§ Task details: Below are records to transcribe in full and unchanged; omit every picture.
(Extracted information)
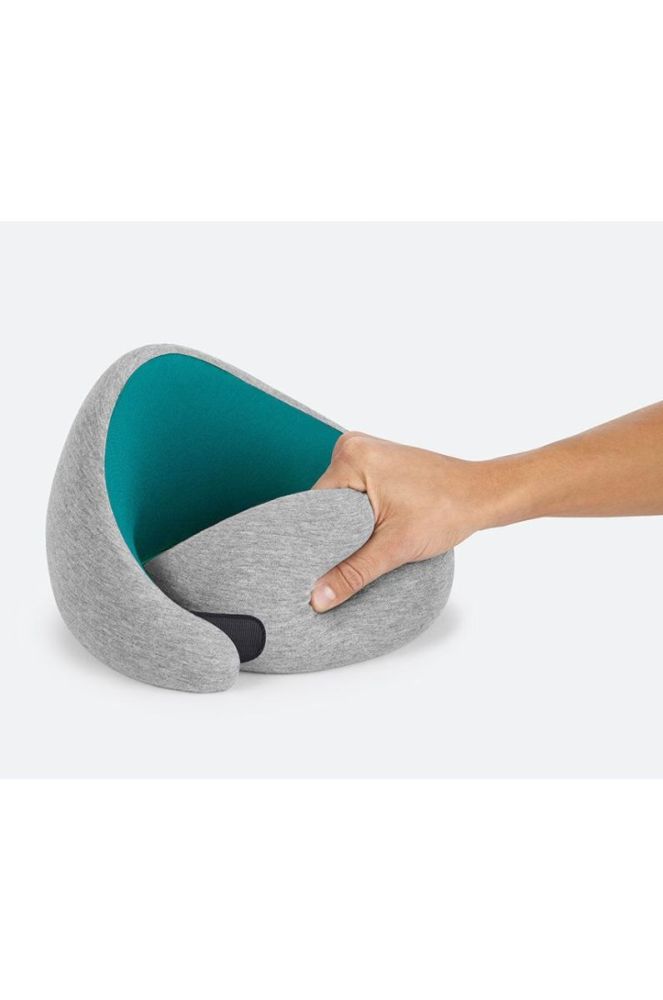 Подушка під шию Ostrichpillow Go колір блакитний (2846468) фото 4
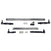 Apex KIT385-POL ProLock Steering Kit | 2014-2026 Dodge RAM 2500/3500 4WD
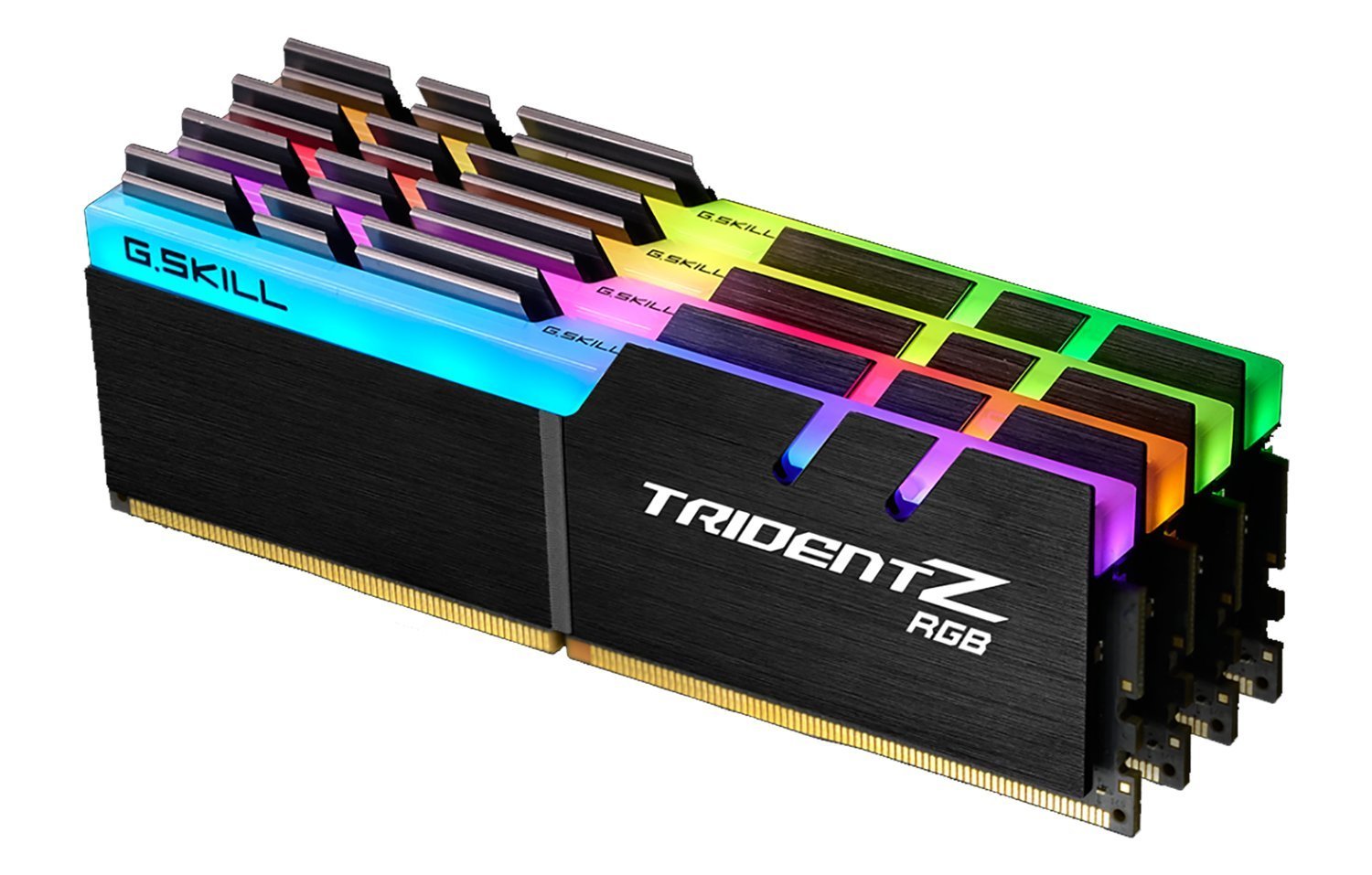 2018 red dot award，Trident Z RGB，Memory module，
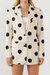 Polka-Dot Blazer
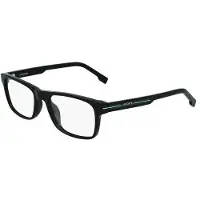 Lacoste L2886 N 53/18/145 Zwarte Bio geïnjecteerde Bril MAN L2886 N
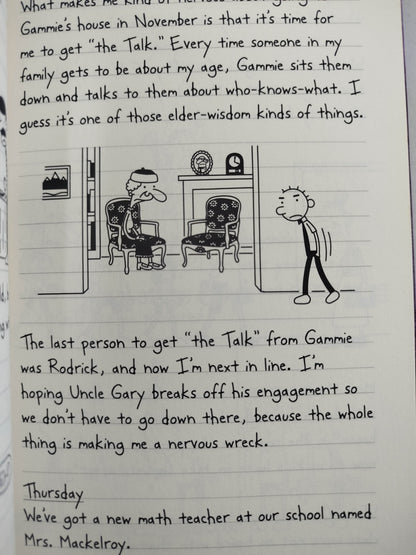 Diario of a wimpy kid the ugly truth by Jeff Kinney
(End Extracted information)
§ Result below:
 Подушка під шию Ostrichpillow Go колір блакитний (2846468) фото 4
 Apex KIT385-POL ProLock Steering Kit | 2014-2026 Dodge RAM 2500/3500 4WD
 2018 red dot award，Trident Z RGB，Memory module，
 Polka-Dot Blazer
 Lacoste L2886 N 53/18/145 Zwarte Bio geïnjecteerde Bril MAN L2886 N
 Diario of a wimpy kid the ugly truth by Jeff Kinney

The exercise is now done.